For best health, it is commonly believed in contemporary culture that people should divide their daily diet into three substantial meals: breakfast, lunch, and dinner. This idea is mostly based on early research studies and culture. However, in recent years, specialists have started to adopt a different viewpoint, contending that eating smaller, more frequent meals may be the most effective strategy for preventing chronic disease and losing weight. More people are adjusting their eating habits to include several short meals throughout the day as a result.
Small, frequent meals, according to those who support them, can enhance satiety—the sensation of being full after eating—increase metabolism and body composition, reduce energy slumps, normalise blood sugar levels, and prevent overeating. While some research supports these suggestions, others don't seem to offer much of a benefit. In fact, some evidence indicates sticking to three larger meals would be preferable.
Studies show that eating more frequently can lower blood lipid (fat) levels and lower the risk of heart disease. As a result, a lot of health professionals advise against eating fewer, larger meals each day. According to some research conducted over the years, those who report eating small, frequent meals have lower cholesterol levels than those who eat less than three meals each day.
One cross-sectional study from 2019 indicated that eating more than four meals per day boosts HDL (high-density lipoprotein) cholesterol and decreases fasting triglycerides more effectively than eating fewer than three meals per day. A lower risk of heart disease is linked to higher HDL levels. Both total cholesterol and LDL (low-density lipoprotein) cholesterol showed no differences in this investigation. It is crucial to remember that since this was an observational study, it can only demonstrate correlation, not cause.

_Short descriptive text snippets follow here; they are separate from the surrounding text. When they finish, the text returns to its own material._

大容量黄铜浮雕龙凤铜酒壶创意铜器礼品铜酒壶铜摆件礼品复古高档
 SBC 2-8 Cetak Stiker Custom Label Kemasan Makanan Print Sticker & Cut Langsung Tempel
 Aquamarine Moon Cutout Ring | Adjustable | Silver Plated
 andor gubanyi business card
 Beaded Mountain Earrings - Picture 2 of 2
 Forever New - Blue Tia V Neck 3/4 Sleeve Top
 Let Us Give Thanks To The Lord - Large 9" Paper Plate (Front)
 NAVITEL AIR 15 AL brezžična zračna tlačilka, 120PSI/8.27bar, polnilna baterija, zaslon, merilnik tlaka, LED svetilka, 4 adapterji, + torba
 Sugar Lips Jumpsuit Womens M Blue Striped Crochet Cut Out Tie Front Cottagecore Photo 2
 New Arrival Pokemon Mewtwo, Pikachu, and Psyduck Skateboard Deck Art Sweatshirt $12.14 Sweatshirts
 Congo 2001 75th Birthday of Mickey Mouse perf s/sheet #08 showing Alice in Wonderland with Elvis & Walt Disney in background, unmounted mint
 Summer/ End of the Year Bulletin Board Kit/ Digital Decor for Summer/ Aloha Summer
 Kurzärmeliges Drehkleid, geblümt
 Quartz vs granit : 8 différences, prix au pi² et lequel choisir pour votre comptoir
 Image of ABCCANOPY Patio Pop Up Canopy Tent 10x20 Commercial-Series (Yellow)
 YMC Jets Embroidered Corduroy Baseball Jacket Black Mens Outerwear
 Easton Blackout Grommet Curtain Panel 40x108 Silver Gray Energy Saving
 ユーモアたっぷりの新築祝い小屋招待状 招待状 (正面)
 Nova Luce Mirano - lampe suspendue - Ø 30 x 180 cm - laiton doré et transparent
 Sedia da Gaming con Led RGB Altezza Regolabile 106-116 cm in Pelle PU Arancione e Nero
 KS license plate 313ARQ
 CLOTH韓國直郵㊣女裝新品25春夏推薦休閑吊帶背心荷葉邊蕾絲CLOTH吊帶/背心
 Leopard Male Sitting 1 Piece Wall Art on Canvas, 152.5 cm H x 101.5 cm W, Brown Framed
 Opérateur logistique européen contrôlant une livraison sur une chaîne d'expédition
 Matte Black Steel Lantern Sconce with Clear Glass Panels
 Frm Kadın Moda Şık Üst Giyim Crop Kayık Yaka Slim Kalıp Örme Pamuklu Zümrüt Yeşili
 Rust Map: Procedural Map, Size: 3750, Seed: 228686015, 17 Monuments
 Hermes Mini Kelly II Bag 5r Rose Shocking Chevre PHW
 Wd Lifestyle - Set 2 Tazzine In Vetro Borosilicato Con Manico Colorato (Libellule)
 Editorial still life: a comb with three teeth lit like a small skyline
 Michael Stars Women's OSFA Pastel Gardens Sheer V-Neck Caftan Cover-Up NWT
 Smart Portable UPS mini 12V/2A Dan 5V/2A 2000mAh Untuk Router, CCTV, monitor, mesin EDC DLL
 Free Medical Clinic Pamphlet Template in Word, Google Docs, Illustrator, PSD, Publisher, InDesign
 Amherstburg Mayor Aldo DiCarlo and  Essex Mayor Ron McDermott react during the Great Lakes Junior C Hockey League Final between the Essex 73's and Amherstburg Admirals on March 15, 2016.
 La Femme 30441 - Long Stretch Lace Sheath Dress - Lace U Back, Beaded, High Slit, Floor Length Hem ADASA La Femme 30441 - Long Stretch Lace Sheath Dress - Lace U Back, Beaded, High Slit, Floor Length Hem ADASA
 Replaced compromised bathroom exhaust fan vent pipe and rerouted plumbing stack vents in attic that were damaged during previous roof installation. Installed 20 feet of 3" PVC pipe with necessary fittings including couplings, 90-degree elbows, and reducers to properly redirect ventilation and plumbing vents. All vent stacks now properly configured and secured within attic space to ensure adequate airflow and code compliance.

Furthermore, a review article published in the American Heart Association's journal Circulation found that frequent eating is linked to a lower risk of diabetes and cardiovascular disease.
Meal Plan and Weight Loss
It's a popular misconception that eating more frequently can aid in weight loss. The research on this, though, is somewhat fragmented.
One study, for instance, evaluated the effects of eating three meals per day vs six smaller, more frequent meals on body fat and hunger perception. Using the same macronutrient ratio of 30% fat, 55% carbohydrates, and 15% protein, both groups received enough calories to maintain their current body weight. Researchers found no difference between the two groups in terms of energy expenditure or body fat decrease at the conclusion of the study. It's interesting to note that those who ate six smaller meals throughout the day felt more hungry and craved food than those who only ate three larger meals.
Even though calorie intake was kept under control in both groups, researchers believed that people who ate more frequently would be more likely to overeat on a daily basis than people who ate fewer meals. According to the findings of another sizable observational study, healthy adults can avoid gaining weight over the long term by eating less frequently, spacing out their meals by 5 to 6 hours, avoiding snacks, eating their largest meal first thing in the morning, and sleeping for 18 to 19 hours at night.